With crude oil reserves said to have declined in recent times, the need for Nigeria to ramp up exploration activity continues to grow. But several hurdles are still dampening the drive to explore the country’s hugely untapped oil and gas potential.

 The country aims to grow its oil reserves, but it has seen its reserve base decline from 37 billion barrels to 35 billion barrels, according to the Department of Petroleum Resources (DPR).

 The decline has been attributed to the fact that little or no significant investment had been recorded in oil exploration in the last five years and the number of wells drilled has also been on the decline since 2006.

 Oil wells completed in Nigeria, which include development and exploration of oil and gas wells, dropped from 124 in 2011 to 107 in 2012, according to the Organisation of Petroleum Exporting Countries (OPEC) annual statistical bulletin 2013. 

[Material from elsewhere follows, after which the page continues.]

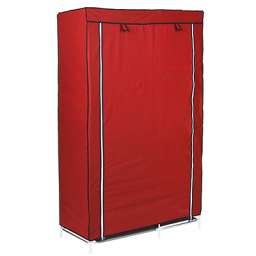 Шкаф тканевый для одежды, 170х100х42 см, металл, пластик, ткань, бордовый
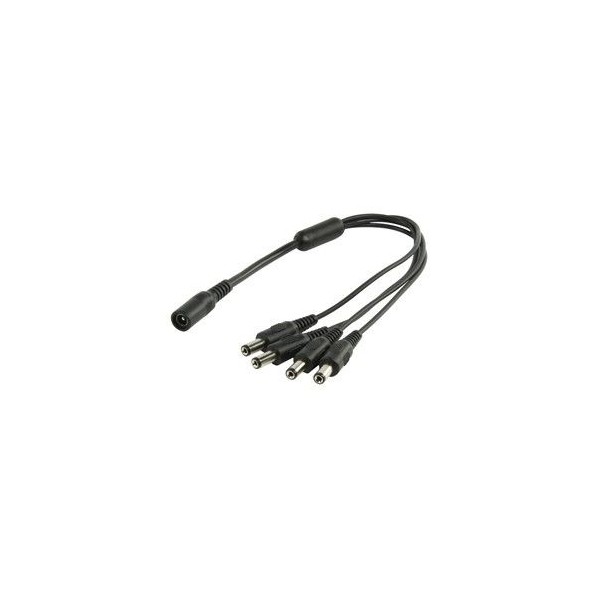 Four output DC adapter cable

Rising security problems related to oil theft, pipeline sabotage, and piracy in the Gulf of Guinea, coupled with investment uncertainties surrounding the long-delayed Petroleum Industry Bill (PIB), have curtailed oil exploration projects and impeded the country from advancing towards its target to grow reserve base.

Emeka Duruigbo, oil and gas professor, Thurgood Marshall School of Law, United States, in an emailed response to questions, said the progress of the Angola Kaombo project, for which French oil major Total took a final investment decision early this month, should serve as a wake-up call for Nigeria.

“The Nigerian government should address current safety challenges in the North as well as oil theft and pipeline vandalism in the South,” he said, stressing the need to remove or curtail any budding perception of insecurity and political instability in Nigeria, since investment opportunities in these days of sharp corporate cost-cutting would gravitate toward more stable and attractive destinations.

With the surge in crude oil theft and pipeline vandalism on the onshore and near-shore areas discouraging further investment, international oil companies (IOCs) operating in the country have increased their footprint on the offshore region.

Independent oil and gas exploration and production companies including Seplat, Afren and CAMAC Energy have identified exploration prospects, and are gearing up to drill more wells.

“We have so much unexplored. We haven’t even started to look for shale oil or shale gas in Nigeria. We are still doing conventional exploration and production. So you can imagine what would happen if we then decide that in the next decade, we want to go into the production of shale oil and gas. So we have a lot of potential,” Adedoja Ojelabi, president of NAPE had said on the sidelines of the April 2014 technical meeting of the association in Lagos.

United States-based CAMAC Energy Inc. says it has identified 10 exploration prospects and 12 leads in the country, and has currently high-graded three prospects containing unrisked prospective resources in excess of 200 million barrels of oil each.

The company, which explores for oil and gas mostly in Nigeria, said current efforts are focused on determining the first exploration well location to be drilled in 2015.

Seplat, which recently listed on both the Nigerian and London bourses, says it has well over 100 prospects and leads across its three Oil Mining Leases (OMLs) 4, 38 and 41, adding that it expects to drill at least one exploration well per year going forward.

Afren and its joint venture partners have begun the seismic programme in Oil Prospecting Lease (OPL) 310, Adebayo Ayorinde, managing director, Afren Nigeria, confirmed at a summit on April 9, 2014 in Lagos.

Exploration activity levels are at their lowest in a decade and only three exploratory wells were drilled in 2011 in the country, compared to over 20 in 2005, according to the Energy Information Administration (EIA), the statistics arm of United States’ Energy Department.

Despite the fact that 20 deepwater exploration blocks have been awarded since 2005, higher exploration costs and a high oil price led some companies to shift their focus away from deepwater exploration and into appraisal and development drilling in the shallow water and onshore areas.

Insurgency in the North-East Zone was responsible for the slow performance in oil exploration in the Chad Basin in 2013, according to the Nigeria National Petroleum Corporation (NNPC).

The NNPC has kick-started fresh exploration campaigns in offshore, onshore and the inland basins of Chad, Anambra, Benue, Bida and Sokoto, to increase the country’s crude oil reserve and production, said Andrew Yakubu, group managing director of the corporation. Yakubu added that over 1,000 square kilometres of seismic data have been acquired in the Chad Basin, despite the security situation in Borno State.

On Monday, in a newspaper advert, the corporation invited interested and reputable contractors to tender for the acquisition of 3D seismic data in the Nigeria sector of the Chad basin, covering 1,640 kilometers, with acquisition scheduled to commence in the third quarter of the year.